Dick’s Sporting Goods Inc. issued a disappointing outlook for this fiscal year even as it reported sales and profit that surpassed analysts’ expectations.
Dick’s Sporting Goods
The Coraopolis, Pennsylvania-based retailer said earnings per share could be as low as $13.80 for the upcoming year, short of Wall Street’s estimate of $14.23. It expects comparable store sales, a key retail metric, to be between 1% to 3% in 2025. Analysts surveyed by Bloomberg had projected a 2.57% rise.
The company’s shares fell as much as 6.2% in premarket trading in New York.
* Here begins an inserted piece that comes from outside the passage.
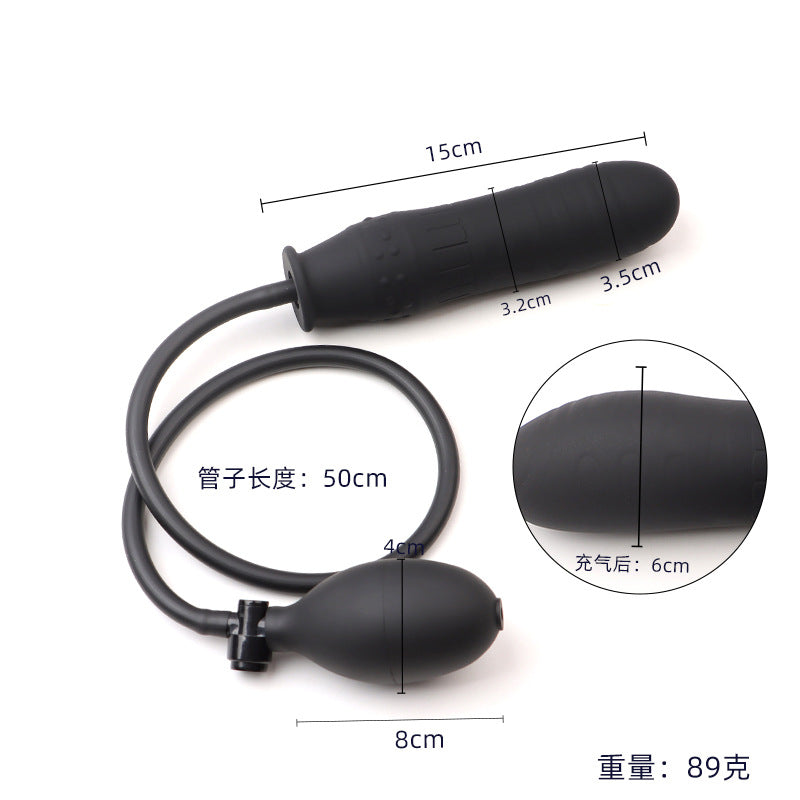 Inflatable Anal Plug Male Sex Toy Anal Masturbation Supplies Outdoor Chrysanthemum Anal Silicone Back Chamber Development Anal Expander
The stock was down 7.8% this year through Monday’s close.
Chief Executive Officer Lauren Hobart said the company’s guidance acknowledges the “dynamic macroeconomic environment.”
Hobart has been working to invest in Dick’s physical store network and upgrading its e-commerce capabilities. Dick’s posted strong sales for the quarter, citing store expansion and strong growth in its footwear business.
Bloomberg Intelligence analyst Lindsay Dutch said that Dick’s remodels and product assortment have gained traction with consumers despite concerns about discretionary spending.
Many US consumers are under increasing financial pressure from threats of job cuts and higher prices driven by tariffs, leading many to spend conservatively.
Target Corp. and Best Buy Co. warned consumers to expect higher prices due to tariffs imposed by President Donald Trump on Mexico, Canada and China.